- Born: January 10, 1943 (age 83) Salinas, Puerto Rico
- Alma mater: Complutense University of Madrid
- Occupation: State University of New York's College at Buffalo
- Writing career
- Language: ‹See TfM›Spanish; English;
- Genres: ‹See TfM›Historical fiction; historical non-fiction; short story;
- Subject: Puerto Rican history
- Notable work: See list
- Notable awards: See list

= Jaime Martínez Tolentino =

Puerto Rican writer (born 1943)

Jaime Martínez Tolentino (born January 10, 1943) is a Puerto Rican writer.

== Early life and education ==
Tolentino was born in Salinas, Puerto Rico on January 10, 1943. At the age of four, Tolentino contracted polio, which left him crippled.
In 1951, he and his family emigrated to New York City where he lived until 1966. He attended New York University where he majored in French and French literature, while also studying Spanish literature and German. As an undergraduate he participated actively in the theater.

== Academic career ==

He returned, briefly, to his native Puerto Rico where he was named French professor at The University of Puerto Rico. Then he left for Europe to pursue further studies. In France, he studied French at the Sorbonne, and then he relocated to Spain, where he studied both French and Hispanic literature. He received a PhD in French Literature from the Complutense University of Madrid and then returned to Puerto Rico.

Between 1970 and 1984, Martinez Tolentino taught French at the Mayaguez Campus of the University of Puerto Rico, and he also published three books on French. Also during this period, he published a full-length play, and in 1984, he directed its staged version. One of his short stories was adapted for the stage in Puerto Rico in 1979.

== Writing career ==
It was also during this period that he joined the group of young Puerto Rican writers connected to the literary magazine Mester: the novelist Carmelo Rodríguez Torres, the narrator Wilfredo Ruiz Oliveras, and the poets Luis Cartañá and Sotero Rivera Avilés. Under their influence, Martinez Tolentino began publishing short stories in journals and newspapers, and in 1975, he edited an anthology of their short stories.

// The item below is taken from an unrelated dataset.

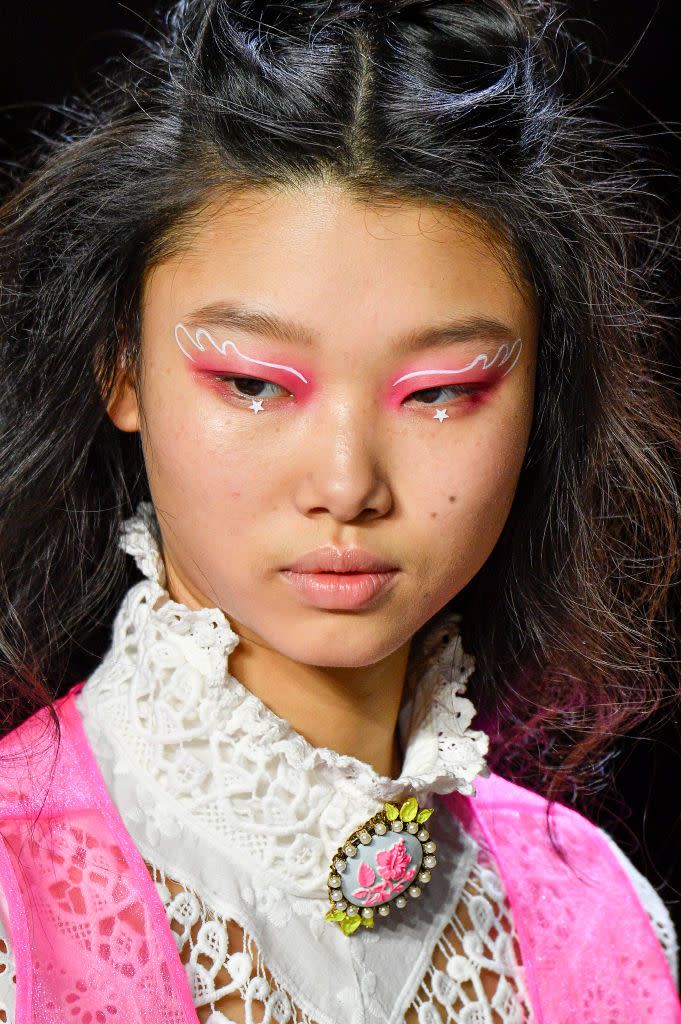 3) Spring 2020 Makeup Trend: Free Floating Eyeliner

In 1980, he published his play La imagen del otro, and three years later, an original collection of short stories of the fantastic.

As he continued publishing in Spanish, his interest in Hispanic literature grew. He began taking graduate courses in Spanish and Puerto Rican literature, and then taught Spanish literature at the Inter-American University of Puerto Rico, while still also teaching French at the UPR.

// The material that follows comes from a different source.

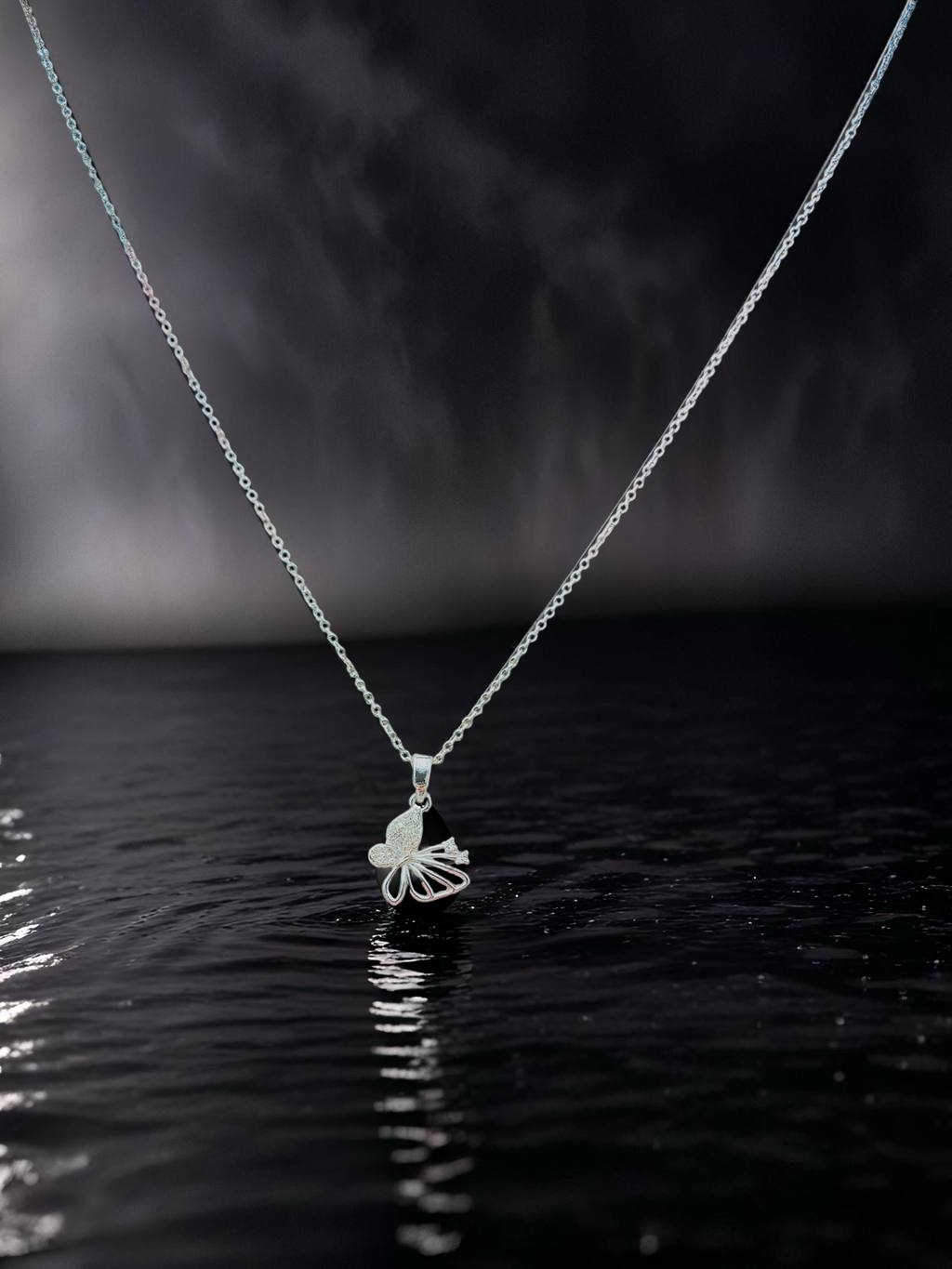 Luna Papillon chain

In 1984, Martinez Tolentino resigned from his position as a French professor. He attended Purdue University in Indiana, where he acquired fluency in Portuguese, and then he transferred to the University of Massachusetts Amherst, where he received a second M.A. and a second PhD in Spanish and Latin American literature.

In 1990, he became a Spanish professor at the State University of New York's College at Buffalo, where he continued writing and producing plays. He retired from teaching in 2002.

== Publications ==

=== Fiction – books ===
- Cuentos modernos (Antología). Jaime Martinez Tolentino, Ed., Rio Piedras, Puerto Rico: Editorial Edil, 1975.
- La imagen del otro (Drama). San Juan, Puerto Rico: Instituto de Cultura Puertorriqueña, 1980.
- Cuentos fantásticos. Rio Piedras, Puerto Rico: Editorial de la Universidad de Puerto Rico, 1983.
- Desde el fondo del caracol y otros cuentos taínos. San Juan, Puerto Rico: Instituto de Cultura Puertorriqueña, 1992.
- Cuando cae la noche (relatos) Miami, FL: La Pereza Ediciones, 2013.
- Taino (in Spanish) - Madrid: Ediciones Altera, 2014.
- Thirteen After Midnight -Golden, CO: Reanimus Press, 2016.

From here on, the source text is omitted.